Despite supposedly tougher regulation and similar leverage limits on paper, Canadian banks were actually significantly more leveraged — and therefore more risky — than well-run American commercial banks.
For example, JPMorgan Chase was 13 times leveraged at the end of 2008, and Wells Fargo was 11 times leveraged. Canada’s five largest banks averaged 19 times leveraged, with the largest bank, Royal Bank of Canada, 23 times leveraged.
It is a similar story for Tier One capital (with a higher number being safer): JPMorgan Chase had 10.9 percent at the end of 2008 while Royal Bank of Canada had 9 percent. JPMorgan Chase and other American banks also typically had more tangible common equity — another measure of the buffer against losses — than did Canadian banks.
If Canadian banks were more leveraged and less capitalized, did something else make their assets safer?
The answer is yes: guarantees provided by the government of Canada. [br]
Today over half of Canadian mortgages are effectively guaranteed by the government, with banks paying a low price to insure the mortgages.
Virtually all mortgages where the loan-to-value ratio is greater than 80 percent are guaranteed indirectly or directly by the Canadian Mortgage and Housing Corporation.

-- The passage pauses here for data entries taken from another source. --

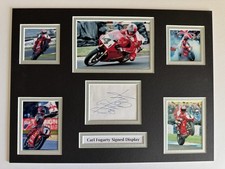 MotoGP Carl Fogarty Signed 16" X 12" Double Mounted Display
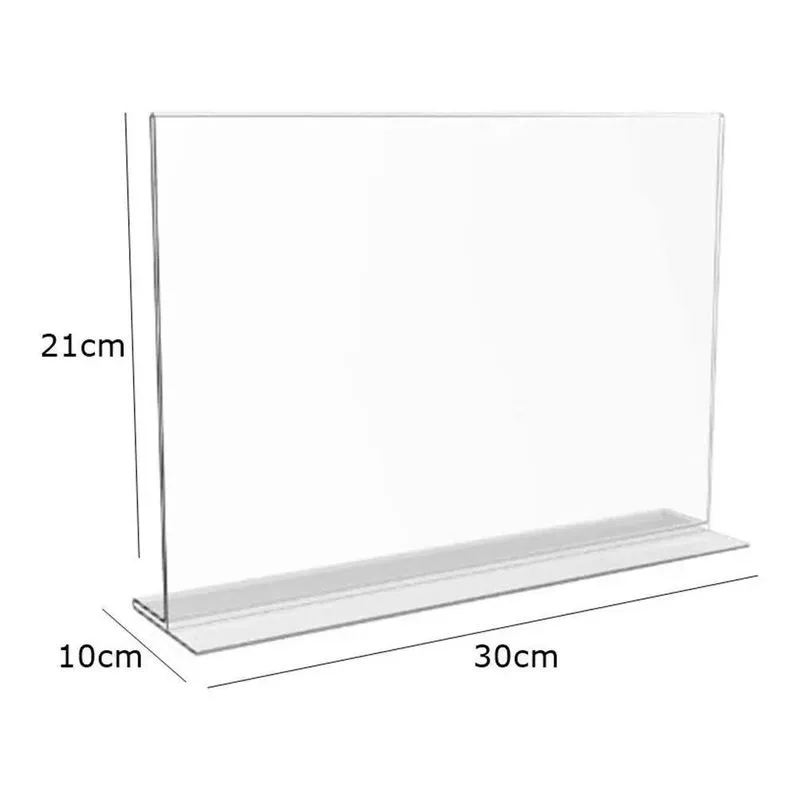 Display Acrílico T A4 30x21cm - Horizontal 1 Peça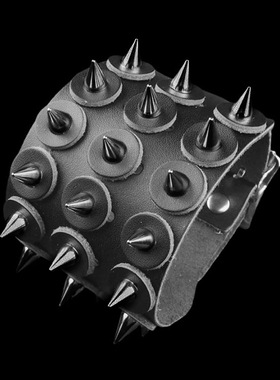 尖铆钉黑柔软圆皮个性化针扣手链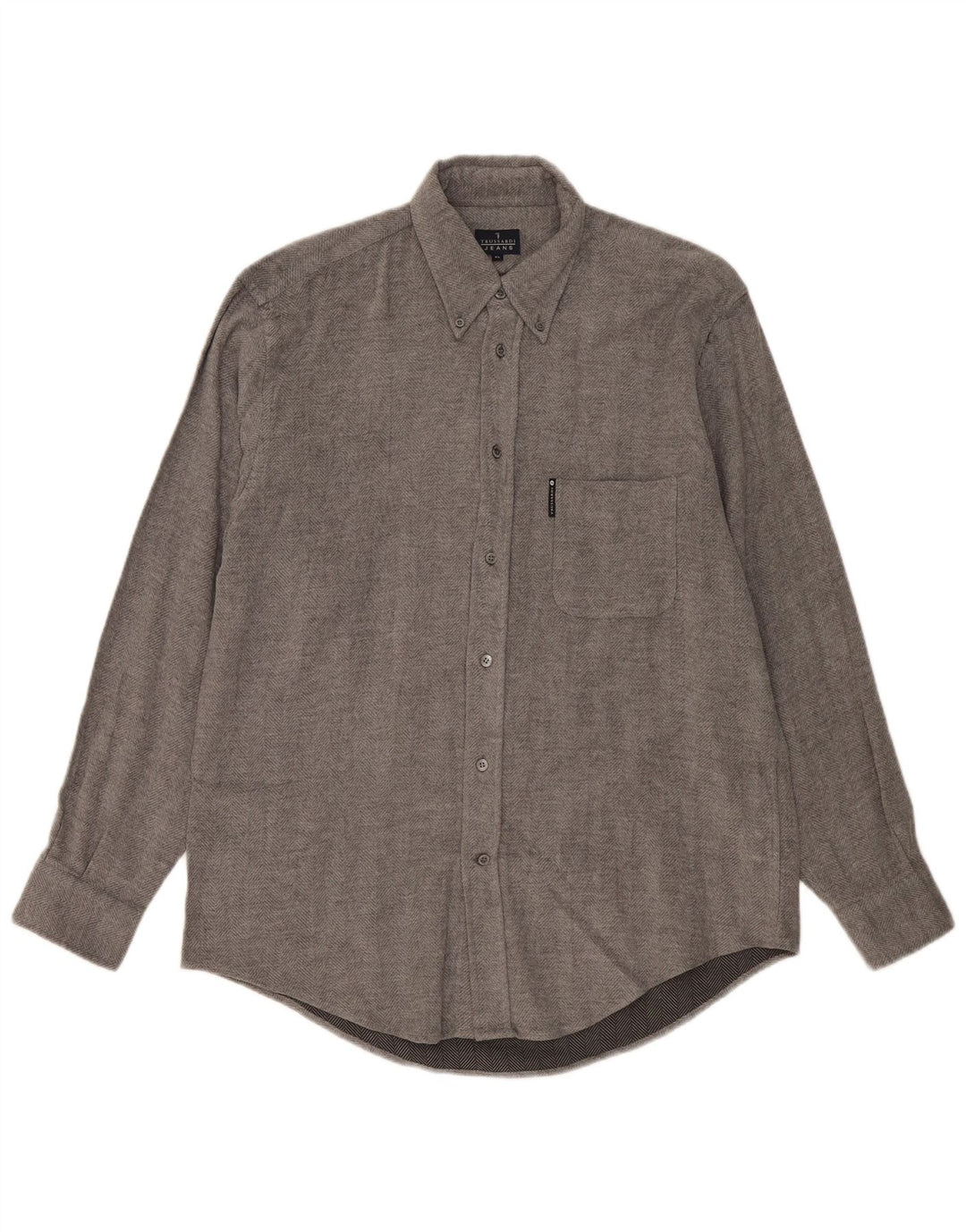 Trussardi Jeans Herren-Flanellhemd XL, graue Viskose mit Fischgrätenmuster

The system works well for banks; they originate mortgages, then pass on the risk to government agencies.
The United States, of course, had Fannie Mae and Freddie Mac, but lending standards slipped and those agencies could not resist a plunge into assets more risky than prime mortgages.
Let’s see how long Canada resists that temptation.
The other systemic strength of the Canadian system is camaraderie among the regulators, the Bank of Canada and the individual banks.
This oligopoly means banks can make profits in rough times — they can charge higher prices to customers and can raise funds more cheaply,
in part because of the knowledge that no politician would dare bankrupt them …
In other words: Don’t bother looking at how dumb or smart we are.
The Canadian government is there to make sure creditors never lose a cent.
With such ready access to taxpayer bailouts, Canadian banks need little capital, they naturally make large profit margins, and they can raise money even if they act badly.
Proposing a Canadian-type model to create stability in the United States is, to be blunt, nonsense …
With a handful of new “hyper-megabanks,” we’d have to count on the political system to prevent banks from going wild;
Canada may be able to do this (in our view, the jury is still out), but what are the odds this would work in Washington?
This would require an enormous leap of faith in the regulatory system immediately after it managed to fail repeatedly and spectacularly over 30 years.
Who can be confident that powerful corporate lobbies, hired politicians and captured regulators can become so Canadian so soon?
The stakes would be even greater with these megabanks.
When such large banks collapse they can take down the finances of entire nations. We don’t need to look far to see how “Canadian-type systems” eventually fail.
Britain’s largest bank, the Royal Bank of Scotland, grew to control assets equal to around 1.7 times British gross domestic product before it spectacularly fell apart and required nearly complete nationalization in 2008-9.
In Ireland the three largest banks’ assets combined reached roughly 2.5 times Ireland’s gross domestic product before they collapsed.
Today all the major Canadian banks have ambitious international expansion plans — let’s see how long their historically safe system survives the new hubris of its managers.
There’s no doubt that during the coming months many people will advocate some form of a Canadian banking system in America.
The largest banks and their lobbyists on Capitol Hill will love the idea.
For some desperate politicians it may become a miracle drug: a new “safer” system that will lend to homeowners and provide financing to Washington, while permitting politicians and regulators to avoid tough steps.
Let’s hope this elixir doesn’t gain traction.
Smaller banks with a lot more capital — and with an ability to fail when they act stupidly — are what American citizens and taxpayers really need.